** LISTED ENTRIES follows **

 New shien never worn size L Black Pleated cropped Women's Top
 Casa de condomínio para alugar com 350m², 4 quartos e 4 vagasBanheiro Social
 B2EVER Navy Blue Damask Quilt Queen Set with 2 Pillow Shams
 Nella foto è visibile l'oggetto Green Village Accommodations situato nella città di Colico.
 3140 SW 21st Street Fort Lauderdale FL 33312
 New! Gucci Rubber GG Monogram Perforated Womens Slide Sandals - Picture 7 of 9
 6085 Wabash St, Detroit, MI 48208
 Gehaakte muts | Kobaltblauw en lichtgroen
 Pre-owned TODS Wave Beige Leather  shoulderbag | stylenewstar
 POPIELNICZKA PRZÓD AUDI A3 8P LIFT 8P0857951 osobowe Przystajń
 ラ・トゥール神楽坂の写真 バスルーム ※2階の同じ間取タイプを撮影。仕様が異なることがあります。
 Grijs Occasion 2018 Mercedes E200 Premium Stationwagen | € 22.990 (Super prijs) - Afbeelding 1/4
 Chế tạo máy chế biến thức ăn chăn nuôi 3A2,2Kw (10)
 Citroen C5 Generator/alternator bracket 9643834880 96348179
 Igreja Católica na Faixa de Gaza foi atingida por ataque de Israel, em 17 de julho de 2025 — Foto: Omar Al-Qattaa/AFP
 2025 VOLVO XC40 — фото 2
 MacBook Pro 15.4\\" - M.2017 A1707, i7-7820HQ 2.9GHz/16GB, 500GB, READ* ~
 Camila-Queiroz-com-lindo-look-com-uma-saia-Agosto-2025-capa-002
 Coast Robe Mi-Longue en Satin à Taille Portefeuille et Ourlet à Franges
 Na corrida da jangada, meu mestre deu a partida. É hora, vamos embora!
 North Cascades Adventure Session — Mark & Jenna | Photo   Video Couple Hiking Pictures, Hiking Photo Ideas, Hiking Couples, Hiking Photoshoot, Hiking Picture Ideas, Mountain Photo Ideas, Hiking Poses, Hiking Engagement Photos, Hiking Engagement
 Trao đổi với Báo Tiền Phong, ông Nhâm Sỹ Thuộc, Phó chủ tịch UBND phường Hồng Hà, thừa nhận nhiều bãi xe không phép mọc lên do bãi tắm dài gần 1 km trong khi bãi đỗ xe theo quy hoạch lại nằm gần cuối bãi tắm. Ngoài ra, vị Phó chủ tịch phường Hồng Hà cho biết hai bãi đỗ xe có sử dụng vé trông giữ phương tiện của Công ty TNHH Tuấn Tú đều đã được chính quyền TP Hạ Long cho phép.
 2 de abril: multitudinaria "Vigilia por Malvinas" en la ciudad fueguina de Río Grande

** End of LISTED ENTRIES **

▸ **WHAT TO DO**
Where does "Picture" occur in the data? Copy each line that has it.

▸ **EXERCISE ANSWER**
 New! Gucci Rubber GG Monogram Perforated Womens Slide Sandals - Picture 7 of 9
 North Cascades Adventure Session — Mark & Jenna | Photo   Video Couple Hiking Pictures, Hiking Photo Ideas, Hiking Couples, Hiking Photoshoot, Hiking Picture Ideas, Mountain Photo Ideas, Hiking Poses, Hiking Engagement Photos, Hiking Engagement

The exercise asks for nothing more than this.